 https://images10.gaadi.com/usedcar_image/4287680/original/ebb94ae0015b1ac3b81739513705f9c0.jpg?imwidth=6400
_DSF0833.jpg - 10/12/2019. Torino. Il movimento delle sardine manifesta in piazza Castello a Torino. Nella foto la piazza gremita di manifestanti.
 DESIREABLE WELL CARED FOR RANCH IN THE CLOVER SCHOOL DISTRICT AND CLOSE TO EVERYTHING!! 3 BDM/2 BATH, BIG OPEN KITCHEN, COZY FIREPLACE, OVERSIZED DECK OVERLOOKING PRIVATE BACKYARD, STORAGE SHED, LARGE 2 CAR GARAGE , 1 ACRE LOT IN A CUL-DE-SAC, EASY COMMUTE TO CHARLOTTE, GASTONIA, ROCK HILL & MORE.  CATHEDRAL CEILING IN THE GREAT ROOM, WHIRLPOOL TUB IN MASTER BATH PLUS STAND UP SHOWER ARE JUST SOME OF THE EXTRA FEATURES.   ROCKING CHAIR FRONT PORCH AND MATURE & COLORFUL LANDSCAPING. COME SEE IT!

...

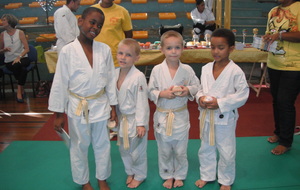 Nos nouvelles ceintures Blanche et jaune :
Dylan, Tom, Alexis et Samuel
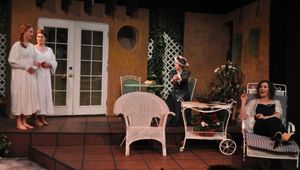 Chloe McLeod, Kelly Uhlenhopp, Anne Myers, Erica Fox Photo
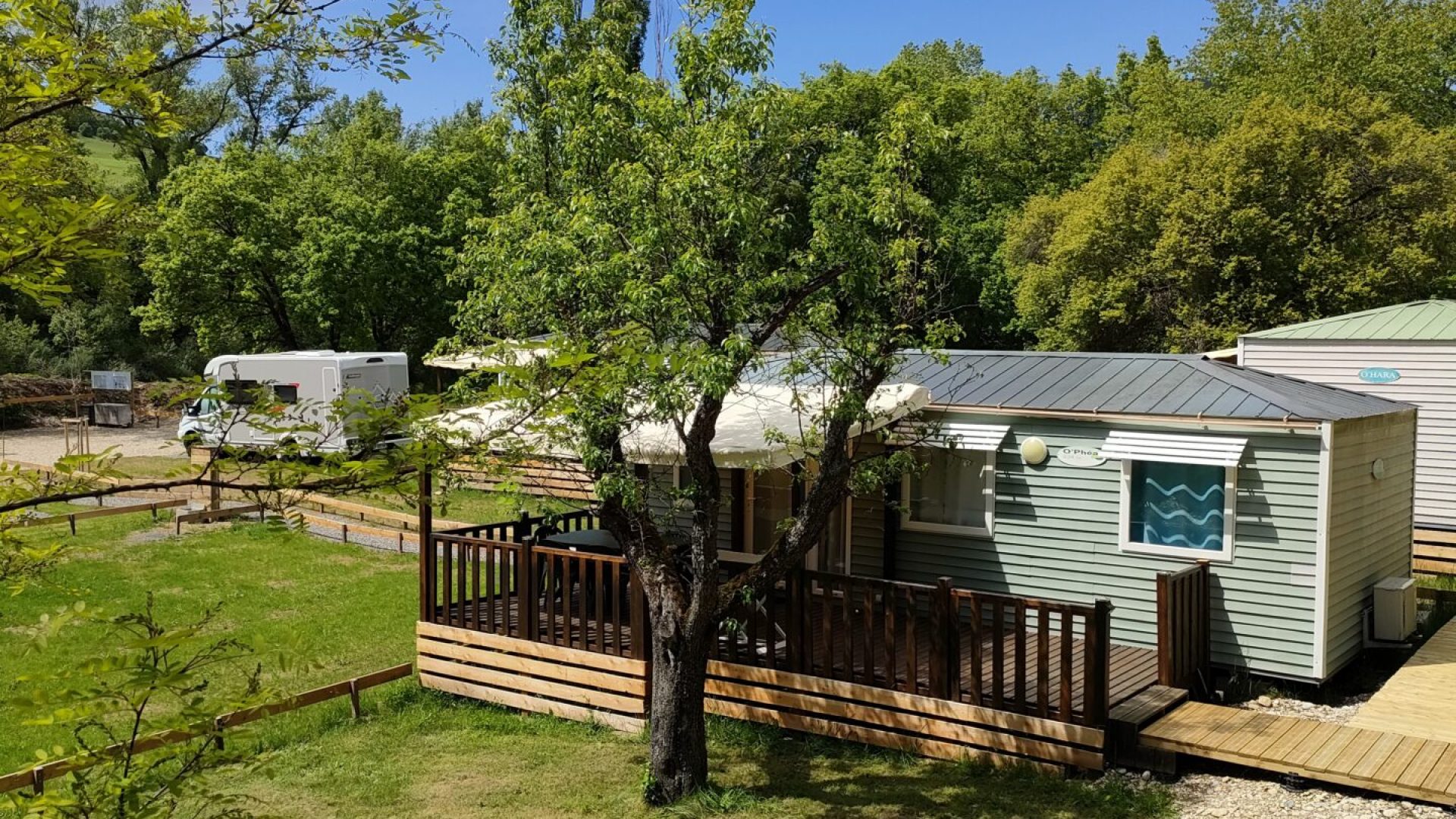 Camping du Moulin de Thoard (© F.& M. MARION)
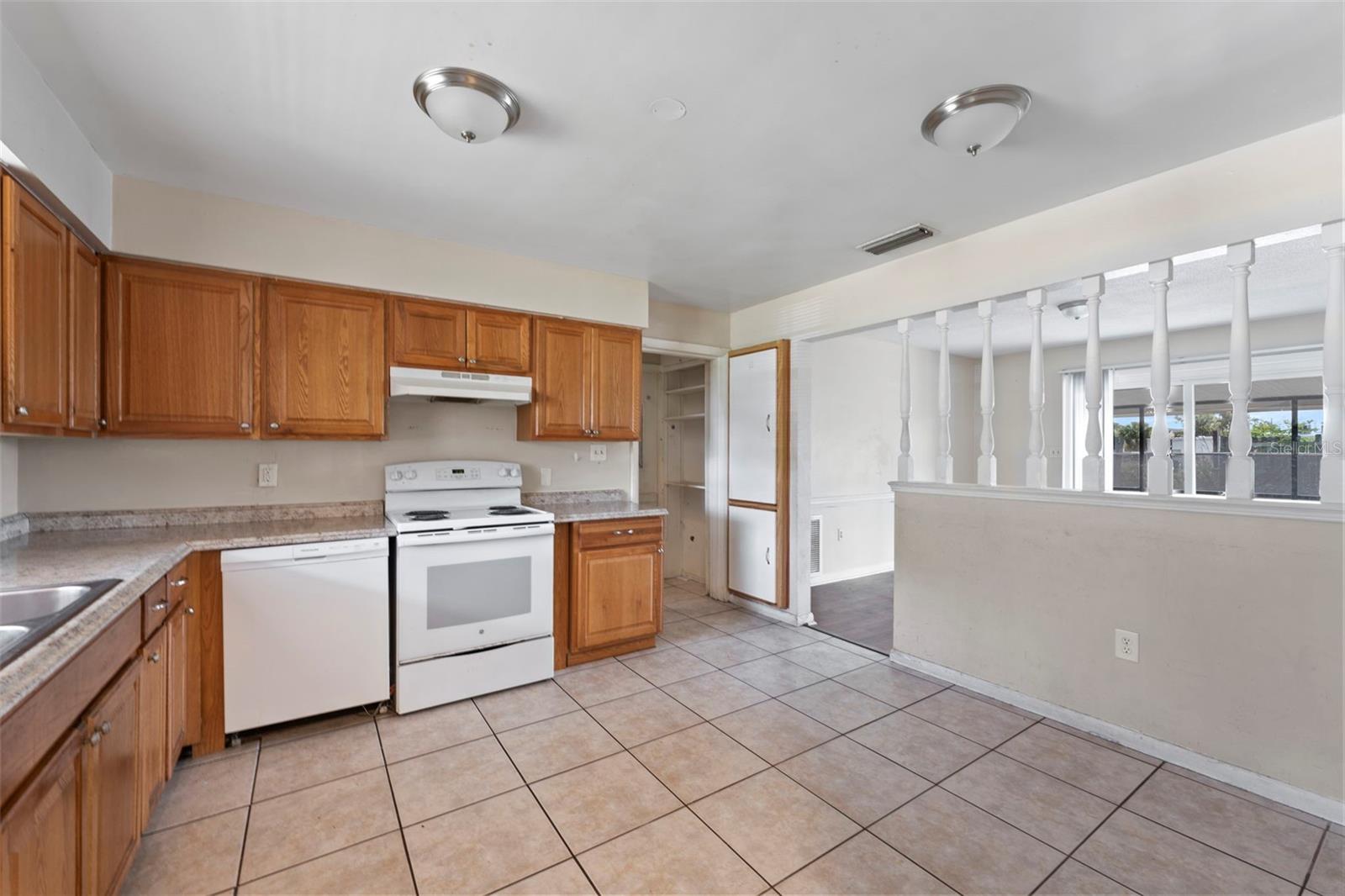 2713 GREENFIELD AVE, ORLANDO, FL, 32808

**Work order:** Beginning with the line holding "Nos nouvelles ceintures" in the material above, restate word for word each line through the line holding "2713 GREENFIELD AVE, ORLANDO, FL, 32808", and exclude pictures.

**Completed task:**
 Nos nouvelles ceintures Blanche et jaune :
Dylan, Tom, Alexis et Samuel
 Chloe McLeod, Kelly Uhlenhopp, Anne Myers, Erica Fox Photo
 Camping du Moulin de Thoard (© F.& M. MARION)
 2713 GREENFIELD AVE, ORLANDO, FL, 32808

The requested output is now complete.